The film's title offers too easy and convenient a bon mot. Expect cadres of critics to be trotting out innumerable variations on "VERY BAD THINGS _is_ one of them," though it's both a cheap analysis and an inaccurate one. VERY BAD THINGS isn't a very bad movie. It's a very good idea approached from entirely the wrong perspective.
The idea involves that most cynically macho of American matrimonial institutions, the bachelor party. The groom-to-be is mild-mannered Los Angeles cubicle-dweller Kyle Fisher (Jon Favreau); his fiancee is Laura Garrety (Cameron Diaz), a woman only slightly obsessed with her nuptial details. The boys' night out is to be an overnight in Las Vegas including Kyle's four best buddies: mile-a-minute real estate hustler Robert Boyd (Christian Slater); family man Adam Berkow (Daniel Stern); Adam's edgy brother Michael (Jeremy Piven); and reticent mechanic Charles Moore (Leland Orser). Though the party begins with the expected drinking, drugs and bare breasts, it ends with the unexpected problem of a dead prostitute on the floor of their hotel room bathroom. That sets off a grotesque chain of events, as the friends' attempts to cover up one death lead to one death after another.

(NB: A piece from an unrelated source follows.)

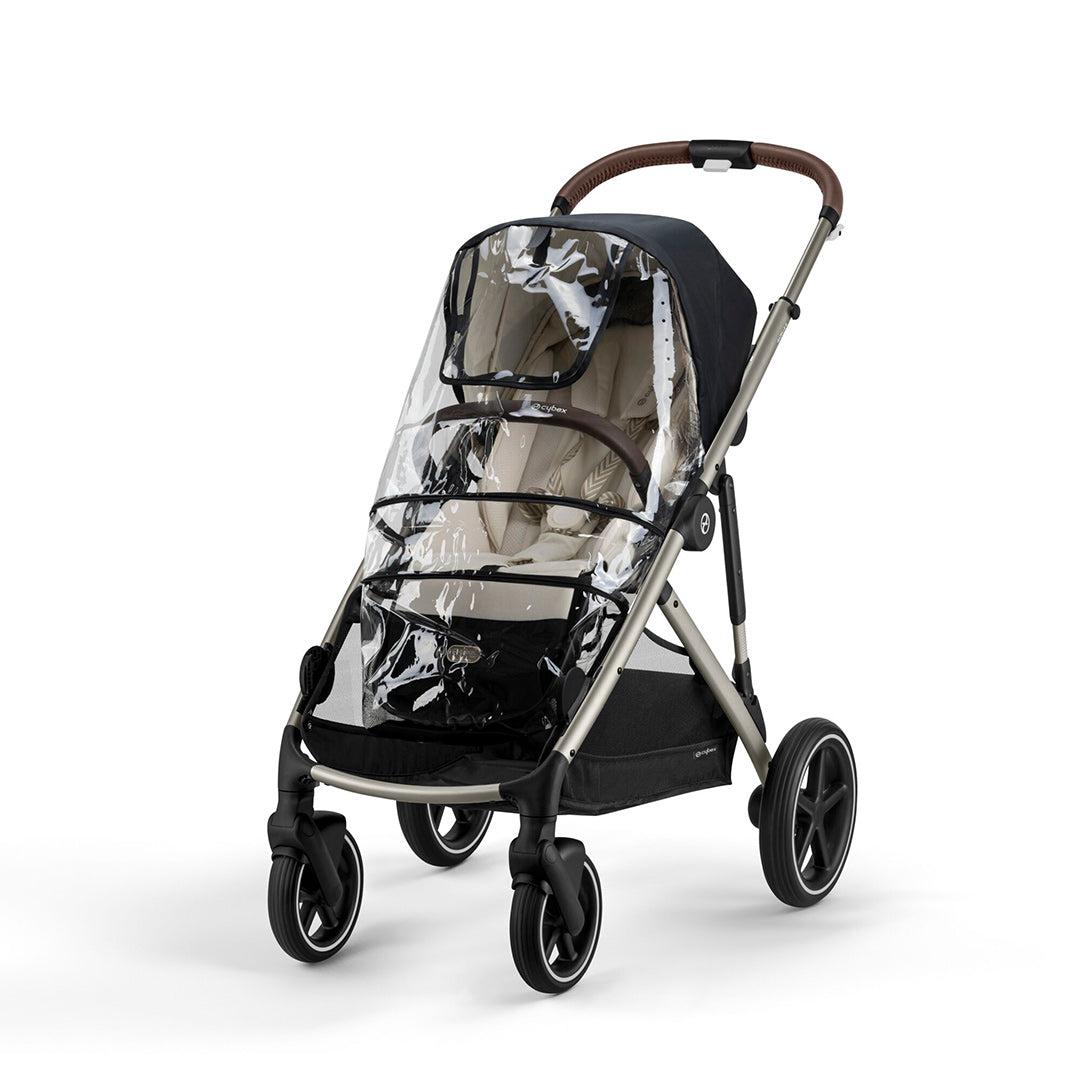  CYBEX Gazelle S Pushchair - Stone Grey - Silver、mySite、merchandisen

Beneath the macabre, over-the-top situations surrounding the deaths in VERY BAD THINGS is a savage satire of stereotypical gender responses to impending marriage. Kyle watches in a passive daze as Laura orchestrates the ceremony from overture to finale; Laura plows over Kyle's every hesitation with a fiercely muttered "Do you love me?", focusing so completely on _getting_ married she seems oblivious to the idea of _being_ married. The horrific events in Las Vegas become a steroid-injected version of more mundane bachelor party naughtiness, with the bachelor turning the "very bad thing" into both a source of guilt and a potential excuse for getting out of the marriage he fears. To Laura, it's all just one more logistical glitch to be overcome, with Diaz turning in a frighteningly funny vision of a woman whose wedding _will not_ be spoiled by anything.
Diaz nails the proper tone so completely (particularly in the film's final act) that you may suddenly realize what's been so wrong with the rest of the film. While Diaz plays Laura entirely for absurd laughs, the male cast members range from one extreme to another. Slater plays Boyd as too sinister to be funny, Stern and Piven play the brothers Berkow as too genuinely tormented to be funny, and Favreau plays Kyle as too dull to be funny. For much of VERY BAD THINGS, the script by Peter Berg (better known from his role on "Chicago Hope") is simply a plot in motion, pulling the characters along with it. At times there's not even exaggerated humanity in the reactions of the characters, the kind that would have given a more humorous spin to more scenes. For a film that could have and should have been a dark comedy, VERY BAD THINGS is too much like the menacing morality play of SHALLOW GRAVE.
That kind of tone is going to alienate a lot of viewers, particularly as the situations grow increasingly extreme and gruesome. Though VERY BAD THINGS ends with a hilariously horrifying subversion of suburban domestic bliss, it doesn't given you enough reason to stick around for it. Comedy can still work when it's caustic, but at some point a film-maker needs to understand that he has to keep an audience laughing at material this dark to keep them from walking away. VERY BAD THINGS is a great opportunity wasted, and that's the _real_ very bad thing.
On the Renshaw scale of 0 to 10 final flings: 5.